I halved my rosu (5mg EOD) and eze (5mg/day) dose. In my unscientific way, I also added Akkermansia (blood sugar) later GG (mitochondrial function) in the middle of my test period (before next blood test).
Results were:
LDL (no apoB this time): 35 —> 65 mg/dl
HbA1c: 5.5 —> 5.0
Muscle strength: weakness is no longer present
I’m now increasing my eze dose back to 10mg/day and significantly reducing egg consumption (4/day to 1/day) to see if I can keep everything good and get back to lower LDL / apoB.
Patients tolerating the once-a-week regimen experienced a 17% reduction in total cholesterol, 23% reduction in low-density lipoprotein cholesterol, 12% reduction in triglycerides, and a 5% increase in high-density lipoprotein cholesterol (all p <0.001).
Rosuvastatin twice weekly alone or added to other lipid-lowering medications decreased total cholesterol by 19%, low-density lipoprotein cholesterol by 26%, and triglycerides by 14% (p<0.01 for all).
I’m no longer using any statin because these are too strong, it drops my LDL very low (30mg/dL) but it drops my HDL too. The only stastin wich is not that bad to my HDL is pravastatin, but it increases my liver enzymes. So no thanks.
I’m just using ezetimibe now. Works great and no side effects.
Oh, what did happen in between? Suddenly you think this is not good enough proxy for ASCVD?
Add ezetimibe and you are looking at maybe 30% reduction and that is not that bad any more.
I believe cycling or pulsing drugs in this case statin lessens the side effects and risk with enough reduction in apoB that it makes worthwhile. If you want a more favorable lipid composition and some further reduction maybe some fibrates. Ad fibers, omega3, some exercise and you can go from medium risk to really low risk.
Very interesting, this also got me thinking about the impact of statins on apoB vs ldl-c
Essentially they reduce ldl-c by more than they reduce apoB - suggesting they reduce the average size of the ldl-c particles as well as the number. That would put the apoB reduction at about 19% for apoB from the weekly dosing. Compared to say -40% with a daily dose.
So a weekly dose provides half the impact of an equivalent daily dose.

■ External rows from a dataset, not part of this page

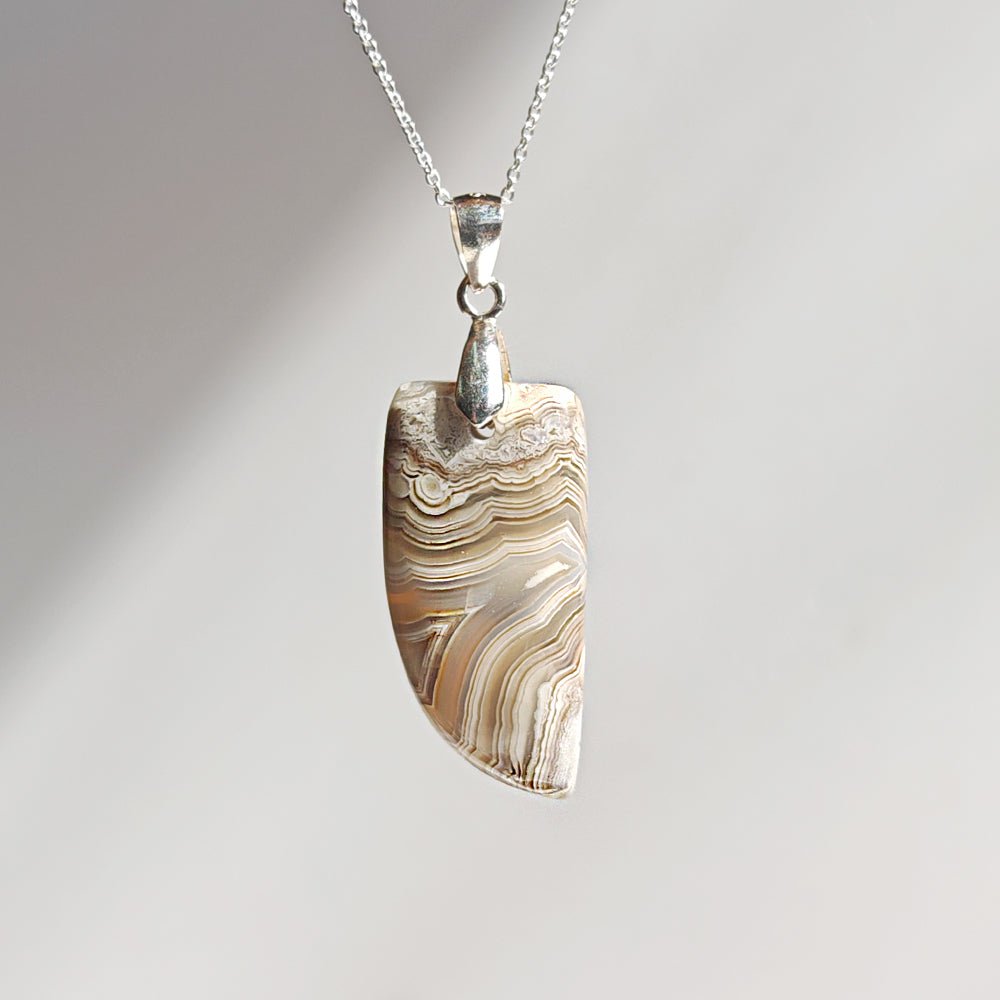 Colgante de ágata locura y plata de ley 925 de Mystical Tienda, con piedra colorida y diseño elegante en plata.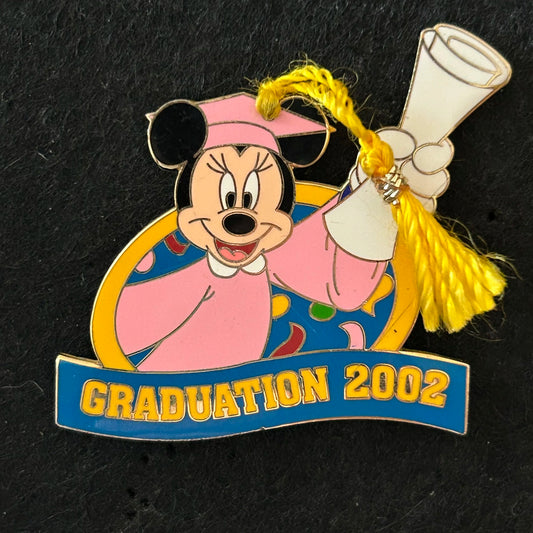 2002 - Minnie Mouse - Graduation - LE 5,000 - Disney Pin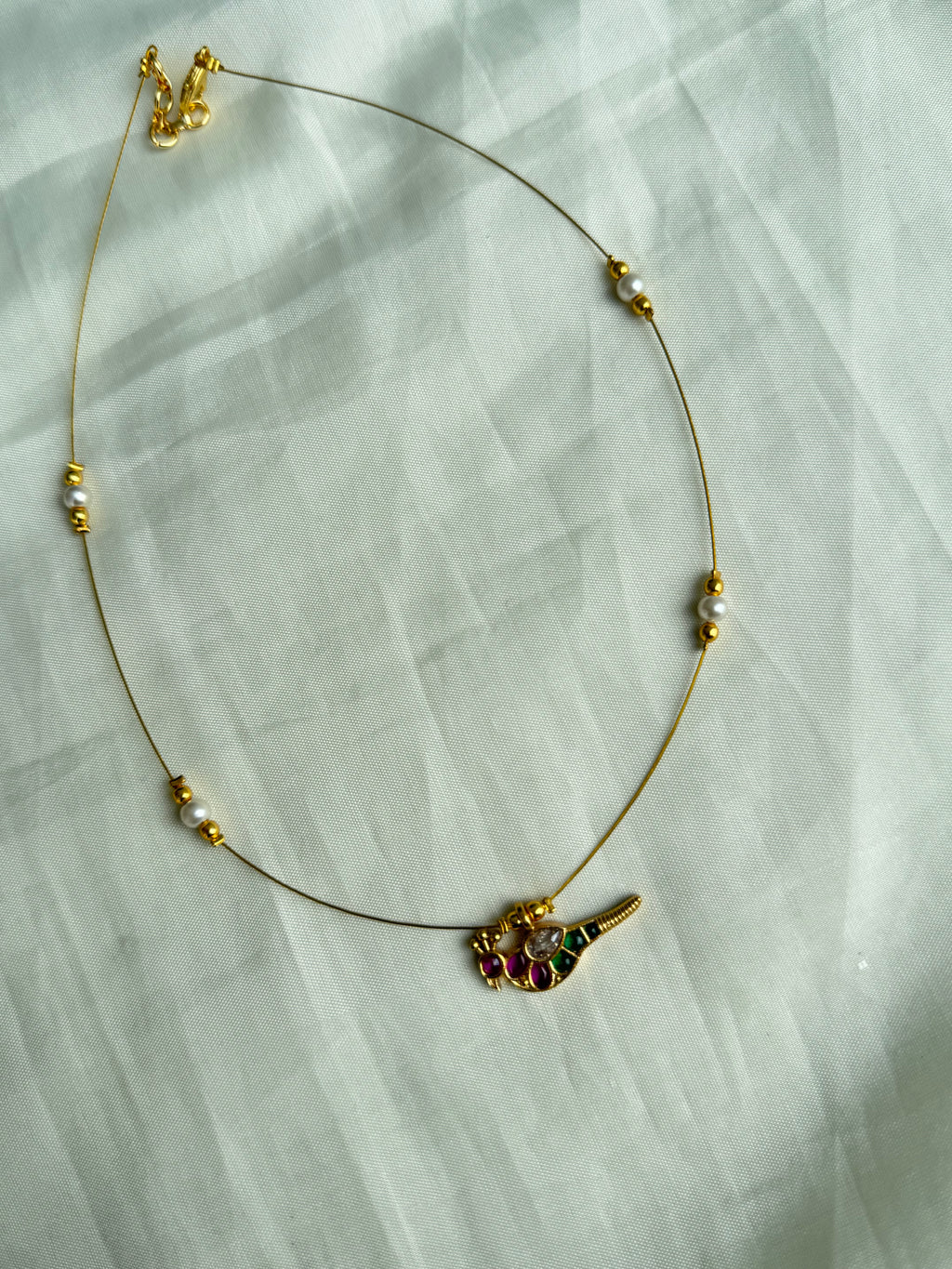 Invisible parrot Kemp neckpiece ns0045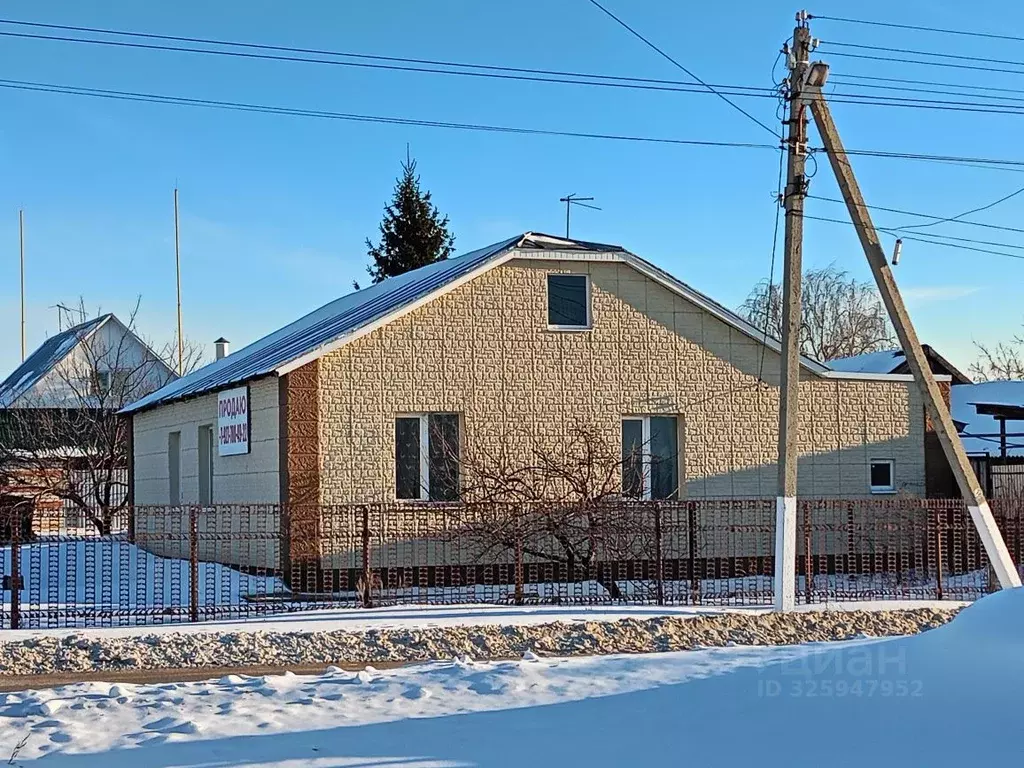 Дом в Самарская область, Ставропольский район, Васильевка с/пос, с. ... - Фото 1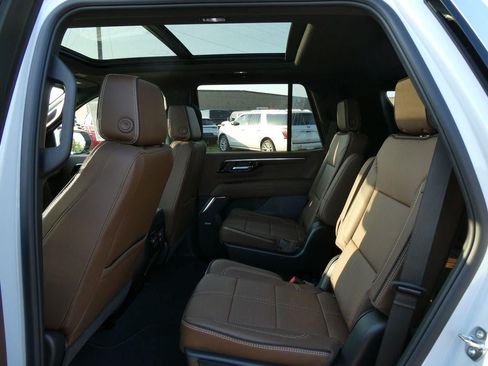 New 2026 Chevrolet Tahoe High Country w/ Sun And Tow Package AWD/4WD image 14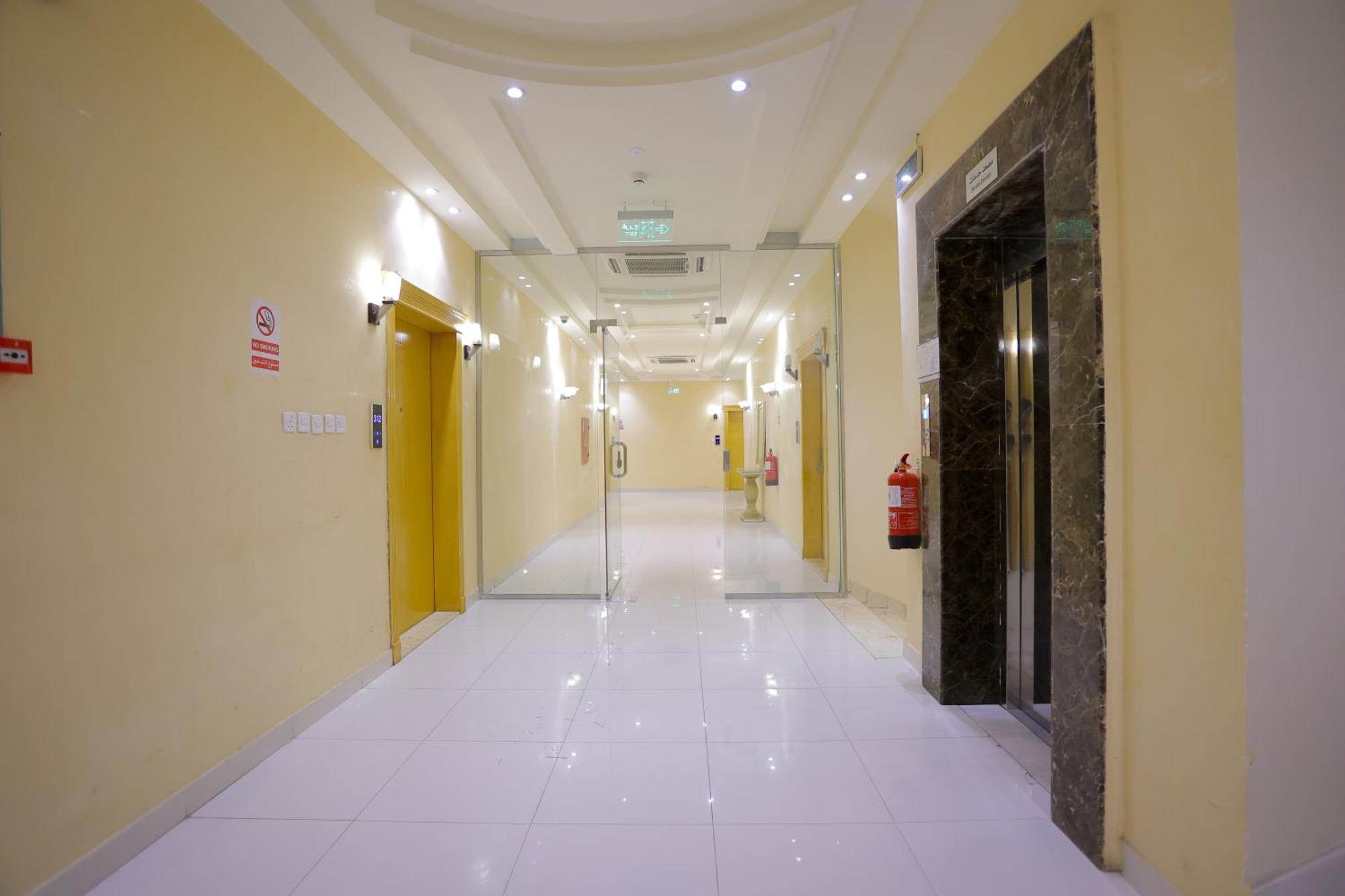 هوستا الملقا Aparthotel 3*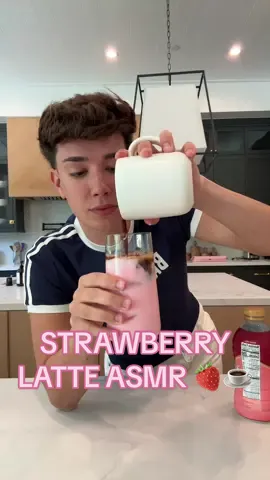 Trying a strawberry latte 🍓☕️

And the following doses are roughly equivalent in terms of impact…
1mg daily Rosuvastatin = 20mg weekly Rosuvastatin
Here’s the apoB vs Ldl-c papers:
"In untreated patients, the apoB target of <90 mg/dl was roughly equivalent to an LDL-C level <100 mg/dl and a non**–** HDL-C level <130 mg/dl, which is consistent with existing apoB and lipoprotein guidelines. However, during statin therapy, to reach an apoB target of <90 mg/dl it was necessary to reduce non–HDL-C to <100 mg/dl or to reduce LDL-C to <70 mg/dl (in high-triglyceride patients) or <80 mg/dl (in lower-triglyceride patients). The tight correlation seen for non–HDL-C with apoB while on statin therapy (R2 = 0.92) implies that non–HDL-C may be an acceptable surrogate for direct apoB measurement. https://www.sciencedirect.com/science/article/pii/S073510970801930X
I thought my apoB reduction was too low for statins, and I thought it was because I already had low apoB. But it seems like a totally normal apoB reduction. 5 mg rosuvastatin decreases apoB by around 30%, so maximum reduction from statins is around that.
I know, but we are discussing pulsed dosing/cycling. Once week dosing was tried on statin intolerant patients and it showed major reduction in myopathy (70-80% of previously intolerant patients could tolerate statin). You could cycle fibrates to avoid interaction. maybe 5 days a week. IDK if this dosing would be viable but I will research it some more. If one is not as ambitious about apoB reduction, 30% with once weekly statin and ezetimibe is a great combo with minimized risk of side effects. I believe also long term problems with statins like T2D or possible dementia or elevated parkinsons risk could be minimized this way. But it is only speculative.
An article I read suggested some kind of reduced schedule statins (EOD/E3D/E7D), daily or EOD ezetimibe combined with bempedoic acid. This kind of therapy if purchased out of pocket in Europe would cost you maybe 75-90 EUR/month.
I will try to link the article, but I lost it in all the articles I skim lately.